Pingxia Fan and Simon Shimao Lin, both of Boston, and Timothy Hayes, of Gloucester, pleaded not guilty to charges including trafficking of persons for sexual servitude, deriving support from prostitution and keeping a house of ill fame, according to the Boston Herald. A judge set their bail at $150,000.
Robert Mozer and Biqun Xiao, both of Deerfield, New Hampshire, were charged with conspiracy to traffic persons for sexual servitude.
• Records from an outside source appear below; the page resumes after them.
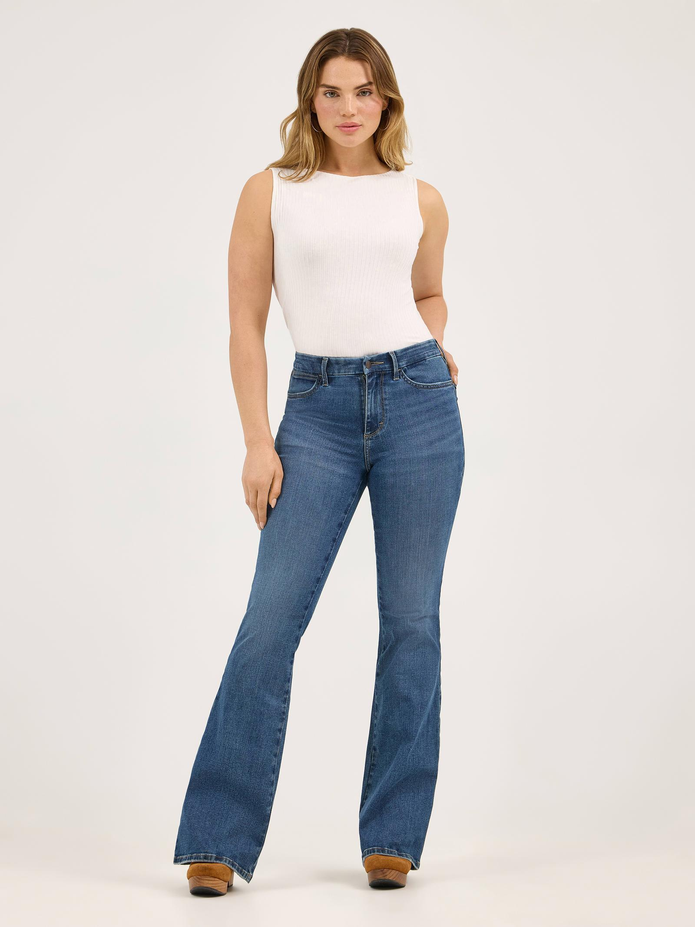 Wrangler® Bespoke Flare Jean - High Rise - Lily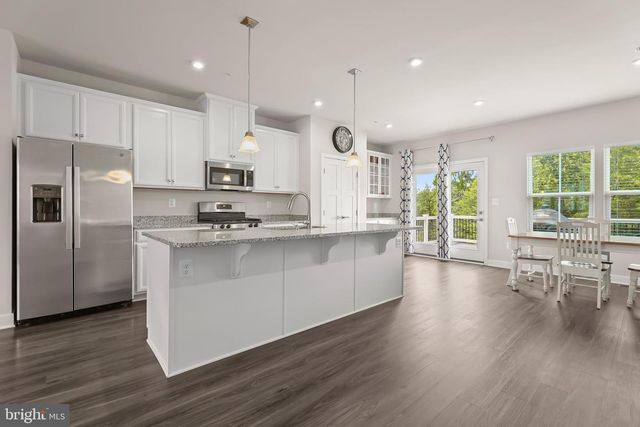 322 HERITAGE ST, Baltimore, MD 21220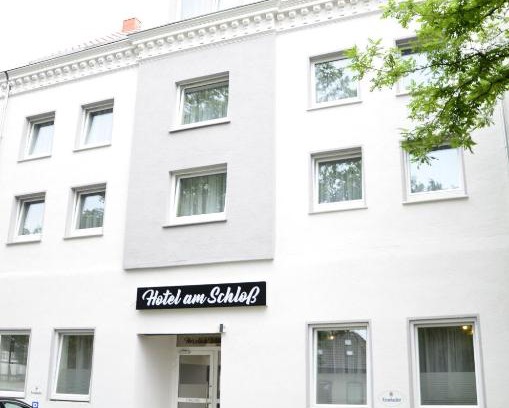 Schloß Neuhaus Hotel | Hotel am Schloss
Bail for Mozer was set at $50,000 after he entered a not guilty plea.
A fifth suspect, Biqun Xiao, 47, of Deerfield, N.H., was charged with conspiracy to traffic persons for sexual servitude and was arraigned Friday (May 5).
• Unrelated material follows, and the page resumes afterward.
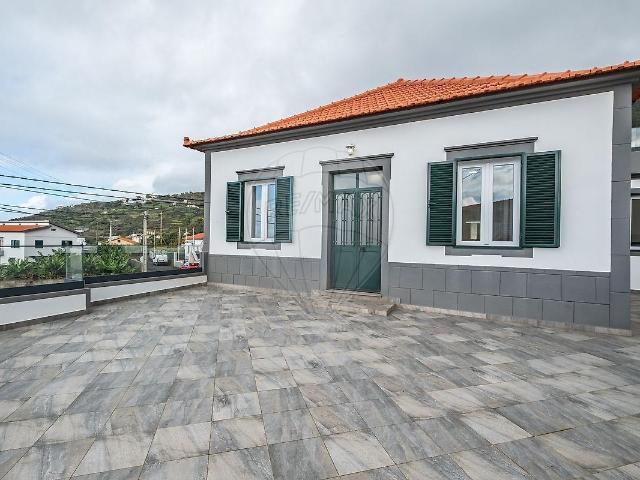 Moradia T3 remodelada no Arco da Calheta – com excelente loc. 286m² Arco Da Calheta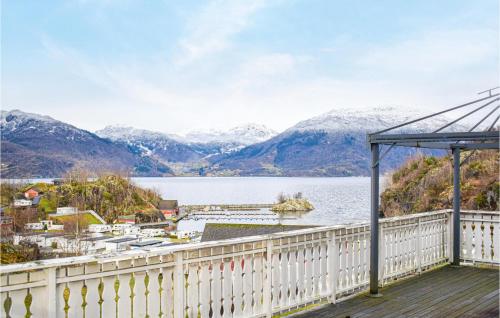 Vistas, Cozy Home In Etne With Wifi in Etne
The victims, all Asian women forced into the sex trade, were brought here from Flushing, N.Y., said Nancy Rothstein, a prosecutor with the attorney general’s human trafficking division.
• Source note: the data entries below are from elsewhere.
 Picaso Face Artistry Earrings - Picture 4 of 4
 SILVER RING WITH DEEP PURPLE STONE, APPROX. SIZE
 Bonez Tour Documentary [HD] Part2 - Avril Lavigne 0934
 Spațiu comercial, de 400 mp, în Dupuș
“They’re taken to a brothel location where they’re not permitted to leave,” Rothstein told the judge.
“They are given food and after a couple of weeks, they’re taken to another brothel location.”
“What we’ve heard from most of the commercial sex buyers who we interviewed in this case …. would say there was pretty much only mattresses there,” she said.
|This house in Quincy, Mass. was used as a brothel.|
The "arrests follow a tragic pattern we are seeing in our neighborhoods—vulnerable individuals being preyed upon and sexually exploited for profit,” said AG Healey. “We want victims to know that they will not be prosecuted and that our offices will work to make sure they receive the services they need and deserve.”
“Sex trafficking is without a doubt, the most common form of modern-day slavery and it’s big business,” said Harold H. Shaw, Special Agent in Charge of the FBI Boston Division.
“This case demonstrates the problem is right here within our communities, impacting victims, the safety of our neighborhoods, and our quality of life. Together, with our law enforcement partners, the FBI will continue to identify and locate the criminal enterprises that are perpetrating these egregious crimes,” said Shaw.